SOS Rohingya 3 Maungdaw yang Terisolir d
SOS Rohingya (3): Maungdaw yang
Terisolir dan Ancaman Krisis Pangan
ACTNews, JAKARTA – Tujuh pekan sudah peristiwa serangan sekelompok orang ke 4 pos
perbatasan di Desa Kyikan Pyin, yang menewaskan 9 orang Polisi Penjaga Perdamaian,
berlalu. Namun tindak kekerasan yang berlangsung di wilayah Maungdaw, Provinsi
Rakhine, masih jauh dari reda. Operasi keamanan gabungan antara militer (Tatmadaw) dan
Polisi Penjaga Perbatasan Myanmar masih terus berlangsung. Mangdauw masih menjadi
‘zona operasi militer’.
Hingga awal pekan ketujuh sejak peristiwa itu atau pekan keempat November ini, sejumlah
tindak kekerasan di wilayah Maundaw masih saja terjadi. Kalanda Press Network/KPN, satu
Kantor Berita Independen penyaji informasi tentang Rohingya-Arakan, dan mitra lokal Aksi
Cepat Tanggap (ACT) mengabarkan sejumlah tindak kekerasan yang dilakukan oleh
Tatmadaw dan Polisi Penjaga Perbatasan.
Warga Desa Lu Dan lari tungganglanggang ketakutan begitu tahu aparat keamanan
mendatangi desa mereka, Senin (20/11). Mereka berlarian terjun ke sungai dan melawan
arusnya demi menyelamatkan diri. Melihat warga berlarian aparat melepaskan tembakan ke
arah mereka. Mitra lokal ACT mengabarkan beberapa warga tewas di tempat, jenazahnya
bergelimpangan di pinggir sungai.
Sehari berikutnya, Selasa (21/11) pagi sebelum matahari terbit aparat masuk ke Dusun Lu
Pan Pyin Desa Kyet Yoe Pyin, Nga Sar Kyu Desa Oo Shye Kyar. Kalanda Press
Network melaporkan aparat melakukan kekerasan seksual terhadap 40 perempuan warga
dusun. Masih menurut laporan KPN, hari Rabu (22/11) 50 anggota militer mengepung Desa
Myaw Taung dan mengumpulkan kaum perempuannya di satu tempat dan meminta mereka
menghadirkan suami-suami mereka ke desa dalam waktu tiga hari. Menurut saksi mata,
dalam aksi ini aparat kemudian melakukan penodaan kepada hampir 20 perempuan.
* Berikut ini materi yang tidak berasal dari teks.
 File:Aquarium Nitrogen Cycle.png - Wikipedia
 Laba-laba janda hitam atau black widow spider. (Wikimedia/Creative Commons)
Di Desa Balu Khali (Thee Chaung) dan Powet Chaung, aparat menangkap 2 warga desa
dan menganiaya beberapa warga. Aparat juga mengumpulkan para perempuan dan
meminta mereka untuk memberitahu kemana suami mereka pergi, dengan ancaman
pembakaran rumah. Sementara di Desa Kyaa Gaung Taung militer menangkapi laki-laki
tersisa di desa, menjarah dan melakukan kekerasan seksual kepada warga perempuan
dan gadis remaja desa itu. Belum cukup, aparat menyita 5 sepeda motor dan beberapa
panel surya, serta menjarah barang-barang berharga serta menghauncurkan perabotan di
setiap rumah warga.
Operasi militer dengan berbagai tindak kekerasan masih saja terus terjadi, meski pada 14
Oktober silam, mengutip The Myanmar Times, Kantor Kepresidenan mengeluarkan
pernyataan bahwa mereka yang berada dibalik serangan 9 Oktober adalah kelompok
“Aqamul Mujahidin”. Pernyataan pemerintah itu juga menyebut serangan tersebut telah
direncanakan dengan baik enam bulan sebelumnya, dengan bantuan pendanaan dari luar
negeri dan banyak mempersuasi anak-anak muda Rohingya.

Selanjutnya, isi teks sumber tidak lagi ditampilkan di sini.